Après avoir été informé que le Lesotho a attiré la reconnaissance du Kosovo, le MPJ répond

Le Ministère des affaires étrangères de la République du Kosovo l'a qualifié de fausse nouvelle et de production de Belgrade - la revendication du ministre serbe, Dacic - selon laquelle la République du Lesotho a reconnu la République du Kosovo. De telles actions de Belgrade arrivent lorsque la République du Kosovo tente [...]
Le Ministère des affaires étrangères de la République du Kosovo l'a qualifié de fausse nouvelle et de production de Belgrade - la revendication du ministre serbe, Dacic - selon laquelle la République du Lesotho a reconnu la République du Kosovo.
De telles actions de Belgrade arrivent au moment où la République du Kosovo tente de prendre en compte le rang international.
“Comme si, même dans le passé, ce «%document» avait été produit à Belgrade pour créer une fausse nouvelle, juste quand le Kosovo est au plus haut point de l'intégrer dans de puissantes organisations internationales, alors que la diplomatie serbe ne possède aucun instrument pour empêcher ce processus. Le seul effet de cette communication de Belgrade et de ces documents - sauf que les nouvelles quotidiennes - n'a rien produit” - est dit en réponse.
Du MPJ, ils disent que de telles actions de la Serbie poursuivent leur approche déroutante du progrès de la République du Kosovo.
Réponse complète:
Le Ministère des affaires étrangères de la République du Kosovo accorde une plus grande attention à l'approche destructrice de la Serbie pour la création de fausses nouvelles, dans le but de propager la propagande et la conspiration concernant l'évolution de la situation dans la région, et en particulier le Kosovo.
Il est particulièrement inquiétant que certains de ces reportages soient reçus et diffusés par différents médias dans la région et parfois même au Kosovo.
Il a déjà été confirmé que les affirmations de la Serbie concernant le retrait présumé de plusieurs reconnaissances de pays comme Gunia Bissau, Liberia, Ghana n'ont jamais été vraies, sauf dans la fiction et l'imagination de quelques personnalités solitaires à Belgrade.
Il est temps que les dirigeants serbes comprennent que les succès de la République du Kosovo, comme celui de l'Arménie, ne peuvent s'arrêter ni être cachés.

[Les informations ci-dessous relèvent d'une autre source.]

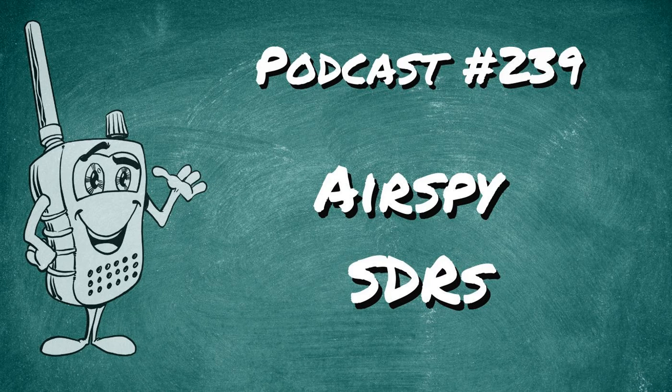If you're serious about software-defined radios and you're looking for something that will be bulletproof more or less, take a look at the AirSpy products. I highly recommend it. Today on the podcast I'm going to tell you why I bought my radio, what I've done with it, and why you should get one too.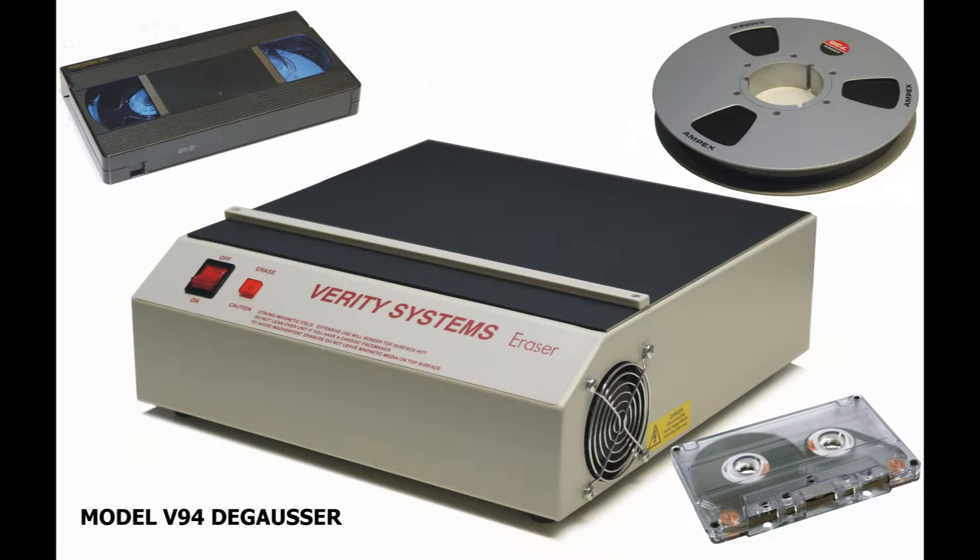The V94 degausser is a tabletop model suitable for erasing a wide range of cassettes and cartridges, as well as magnetic tape on reels measuring up to 10.5 inches in diameter.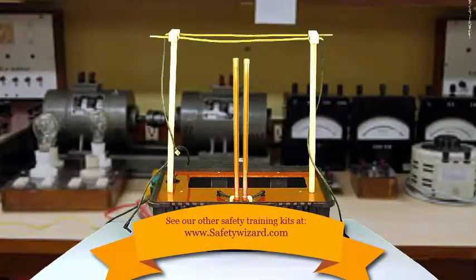Never forget, this is a live demonstration using 17,000 volts. Wear your gloves, wear your safety glasses, and keep control of your demonstration at all times.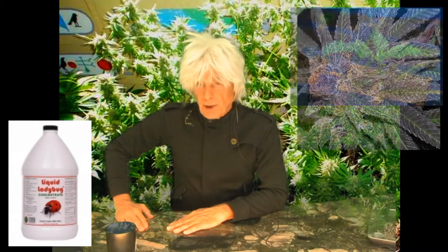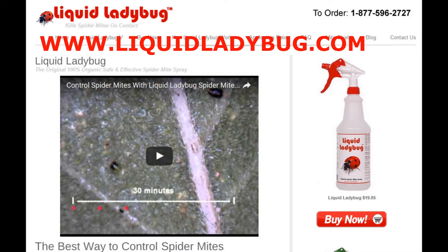You can use it from germination all the way to harvest — no other miticide can do that. So get some today, because it's better to have it and not need it than need it and not have it. You can get it online at liquidladybug.com or ask for it at your local hydro store.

Au contraire, certains des pays pour lesquels la Serbie prétendait réexaminer la question de la reconnaissance étaient en faveur de la promotion du statut de la République du Kosovo par le pays observateur plutôt que par son associé.

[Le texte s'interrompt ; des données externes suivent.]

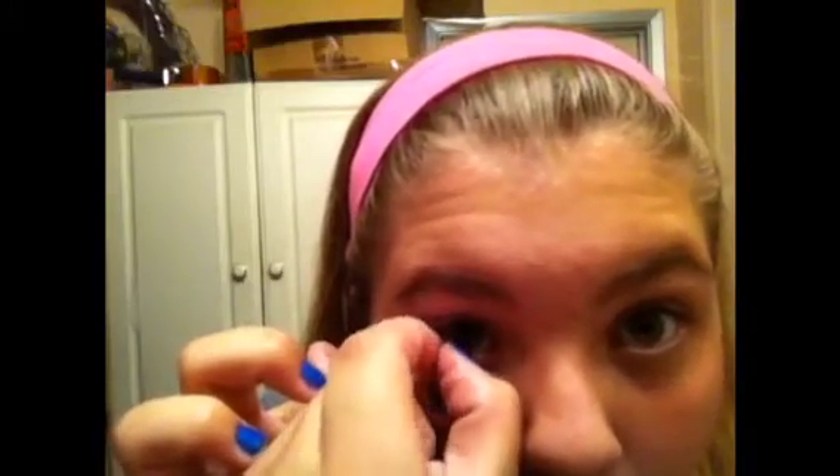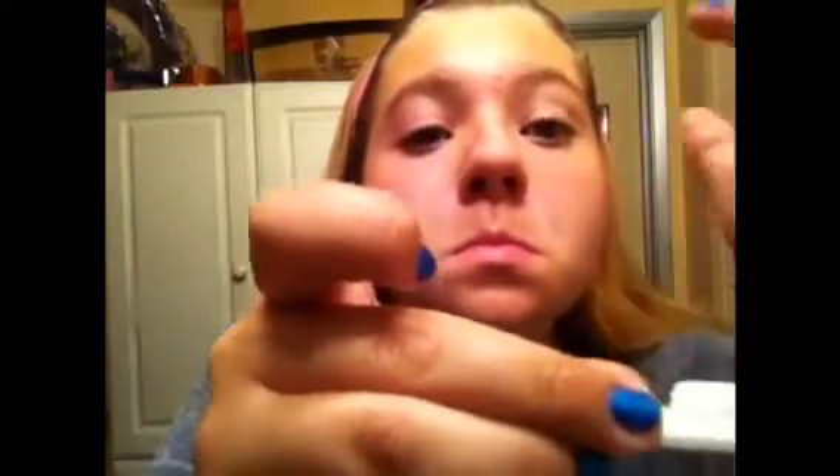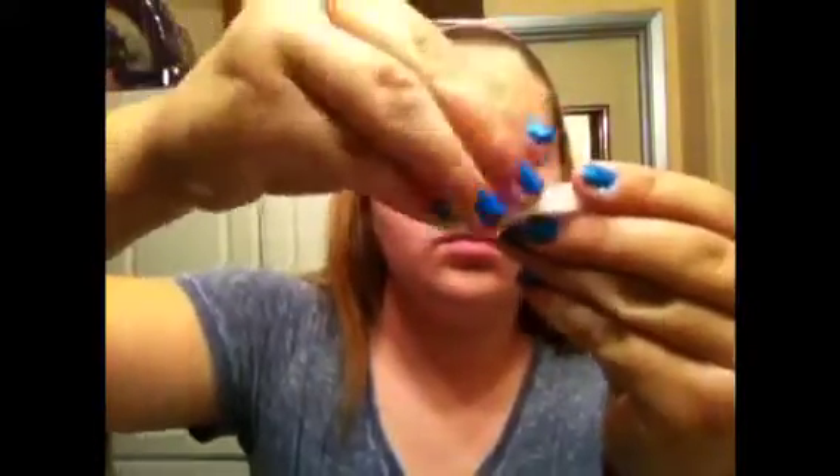It doesn't really hurt when you get contacts. It took me three days to learn. We've got to screw on the caps to make sure they're on nice and tight.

Le Ministère des affaires étrangères a également soigneusement transmis et analysé la récente déclaration du Président Vucic au sujet de ses affirmations selon lesquelles les pays occidentaux soutiennent fermement le Kosovo dans ses objectifs d'adhésion à d'autres organisations internationales. Nous tenons à rappeler ces chiffres à Belgrade, à savoir que l'Occident et la République du Kosovo vont poursuivre leur partenariat complet et harmonieux, non seulement dans le processus d'adhésion aux organisations internationales, mais aussi dans tous les programmes dans lesquels la démocratie, l'État de droit, la lutte contre la criminalité organisée et le terrorisme international exigent l'évolution active du Kosovo.
Comme par le passé, ce document a été produit à Belgrade pour créer de fausses nouvelles, précisément lorsque le Kosovo est au plus fort taux d'intégration dans de puissantes organisations internationales, alors que la diplomatie serbe ne possède aucun instrument pour empêcher ce processus. Le seul effet de cette communication de Belgrade et de ces documents, sauf que les nouvelles quotidiennes, n'ont rien produit.
Pour le ministère des Affaires étrangères, la question du déficit démocratique en Serbie est une question qui se pose non seulement dans la région, mais aussi dans l'Ouest, car la République du Kosovo, grâce à son partenariat stratégique, gérera les reflets internationaux négatifs de ce déficit, qui commence par Vucic et Dacic.
La pratique de l'exploitation de fausses nouvelles ne coïncide pas avec la nécessité de satisfaire aux critères démocratiques requis par l'Union européenne, ni avec les objectifs de promotion d'une culture constructive entre les pays voisins de la région des Balkans.